Jair Bolsonaro pode até agradar e ser paparicado por aquela parcela de eleitores que o apoia até mesmo quando ele ataca homossexuais e enaltece torturadores. Mas cresce de modo contínuo uma outra parte que prefere dele não se aproximar. Primeiro foram os policiais que, irritados com a reforma da Previdência, o chamaram de traidor. Depois, a turma do agronegócio começou a se afastar para não ser contaminada pela pauta contra-ambiental do presidente. Inúmeros parlamentares e governadores, que foram eleitos na sua onda, hoje não querem aparecer ao seu lado em razão de seu estado de permanente beligerância.

Na semana passada, Bolsonaro recebeu no Planalto alguns músicos sertanejos, e sua assessoria divulgou uma lista acrescida de 22 nomes que não estiveram presentes. Foi uma gritaria. Justamente os mais importantes, como Bruno e Marrone e César Menotti e Fabiano, mandaram avisar que não foram ao beija-mão. Muitos não estão mais dispostos a associar suas imagens à errática política cultural do presidente. Pode parecer bobagem, mas não é. Os sertanejos se associaram a Bolsonaro desde cedo, ainda na campanha, em razão de sua raiz no interior do país e pela proximidade com o agronegócio.

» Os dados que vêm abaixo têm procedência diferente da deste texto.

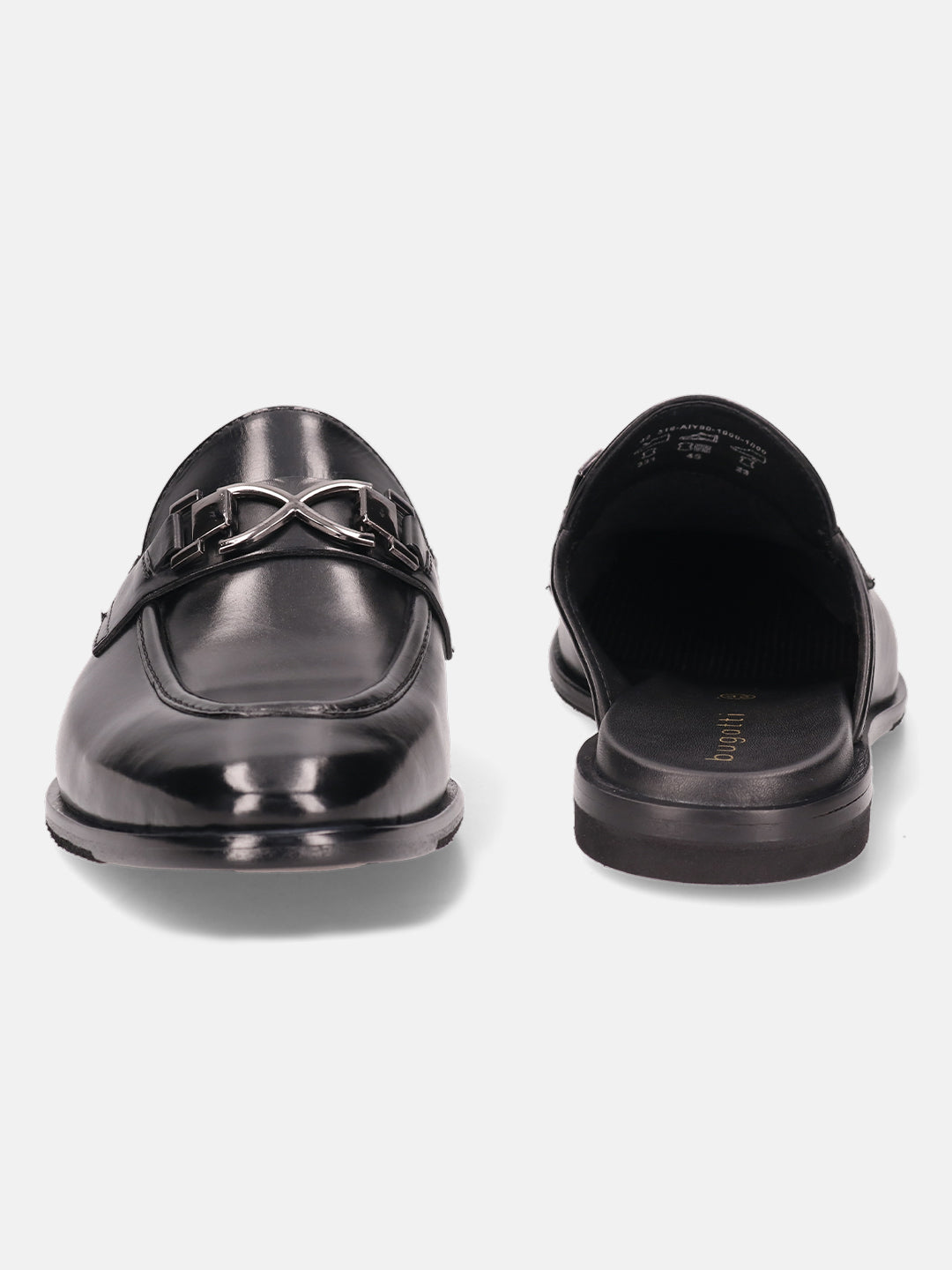 Black leather slip-on shoe by bugatti with a metallic decorative element on a white background.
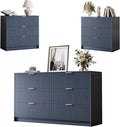 3-Piece Dresser Bedroom Set, 6 Drawer Dresser & 3 Drawer Nightstands with Gold Handles, Fluted Wood Chest of Drawers for Bedroom, Living Room, Entryway, Navy Blue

Mesmo entre os músicos dos grandes centros sem viés ideológico há um contingente de profissionais cada vez incomodado com o governo que se lixa para a cadeia produtiva da música. São milhares de pessoas que vivem, alimentam suas famílias, colocam seus filhos nas escolas, pagam impostos, contribuem com a Previdência e que têm suas pautas ignoradas pelo governo. Um grupo do Rio fracassou quando tentou organizar uma comitiva para ir a Bolsonaro fazer lobby contra a Medida Provisória que isenta hotéis de recolher direitos autorais em seus quartos.

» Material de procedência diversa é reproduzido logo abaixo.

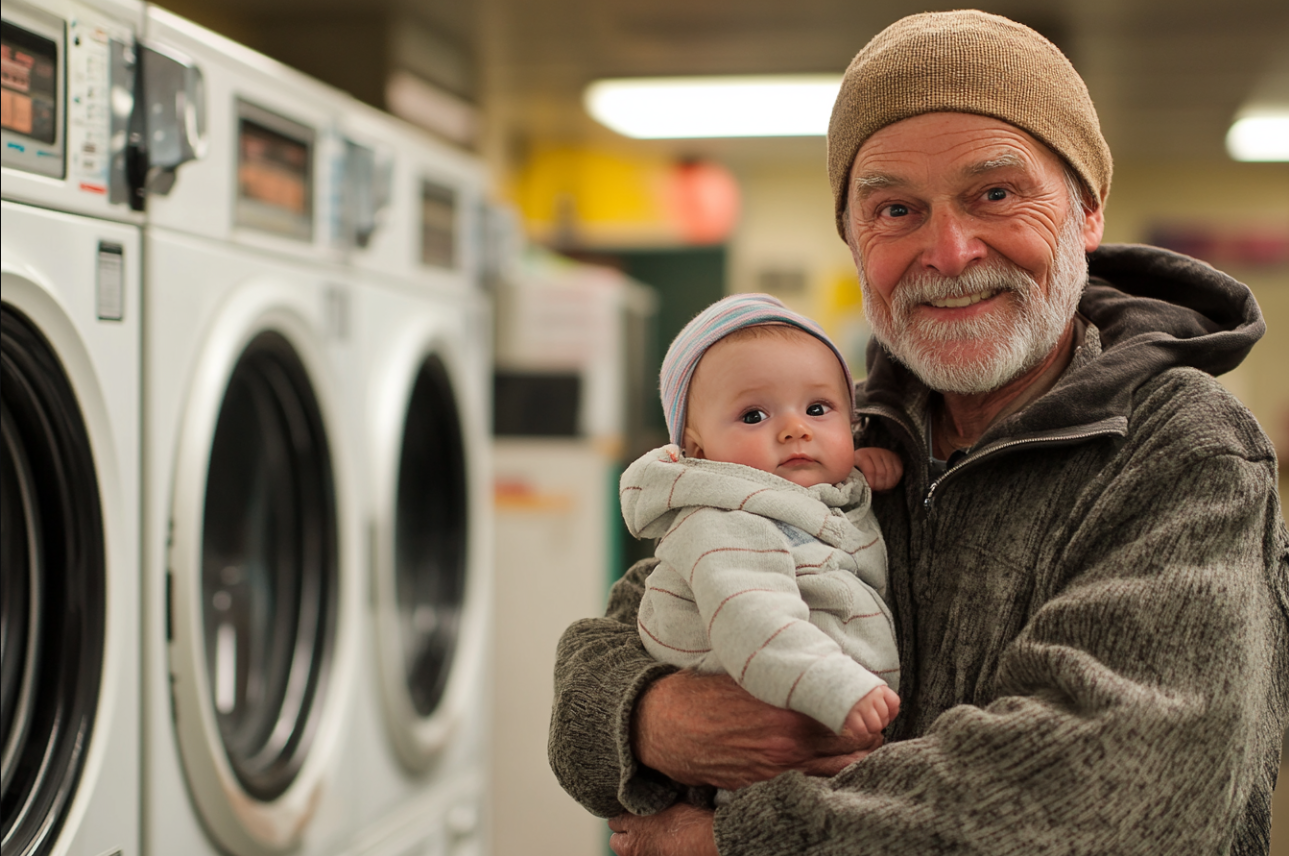 Un homme dans une laverie automatique tenant un bébé | Source : Midjourney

Ancestralmente próximos do capitão, os garimpeiros também ameaçam pular fora. Dizem que estão sendo perseguidos pelo governo que lhes prometeu apoio. Nem o projeto que autoriza mineração e geração de energia em terra indígena os anima. Segundo líderes garimpeiros, em algumas reservas a mineração se dá em acordo com líderes tribais há quase meio século. O projeto apresentado na terça-feira, segundo eles, vai ser bombardeado e pode atrapalhar os garimpos que hoje funcionam com o aval e a participação de comunidades indígenas.

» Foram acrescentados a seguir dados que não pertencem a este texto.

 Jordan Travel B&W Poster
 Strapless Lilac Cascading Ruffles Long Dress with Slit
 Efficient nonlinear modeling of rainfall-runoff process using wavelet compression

Os garimpeiros dizem que os índios mundurucus, do Amazonas, convivem com eles há quatro décadas e participam da mineração com dragas próprias. As maiores reservas de diamante no Brasil ficam nas terras dos índios cinta largas, entre Rondônia e Mato Grosso, que as exploram. Os caiapós-xicrins, de Tocantins, estão no garimpo há 30 anos e têm aviões e maquinário próprio, além de gado e área de pastagem. Eles citam também garimpos tucanos, na fronteira com Colômbia e Venezuela, e macuxis, da reserva Raposa Serra do Sol. O que eles queriam era a regularização dessas reservas, mas a fiscalização do governo ignora os entendimentos e parte para cima deles “com virulência”, reclamam os garimpeiros.

A proposta de Bolsonaro incomoda os três lados da questão. Irrita ambientalistas, que enxergam no projeto carta branca para a degradação das reservas; aos índios, que perdem a autonomia sobre seu território; e aos garimpeiros, que temem que a chancela de Bolsonaro crie mais dificuldades do que resultados positivos. Na apresentação do projeto, Bolsonaro reconheceu que o texto vai ser objeto de ataques de ambientalistas. E disse: “Se puder, confino os ambientalistas na Amazônia”. Dá para entender por que tanta gente quer distância.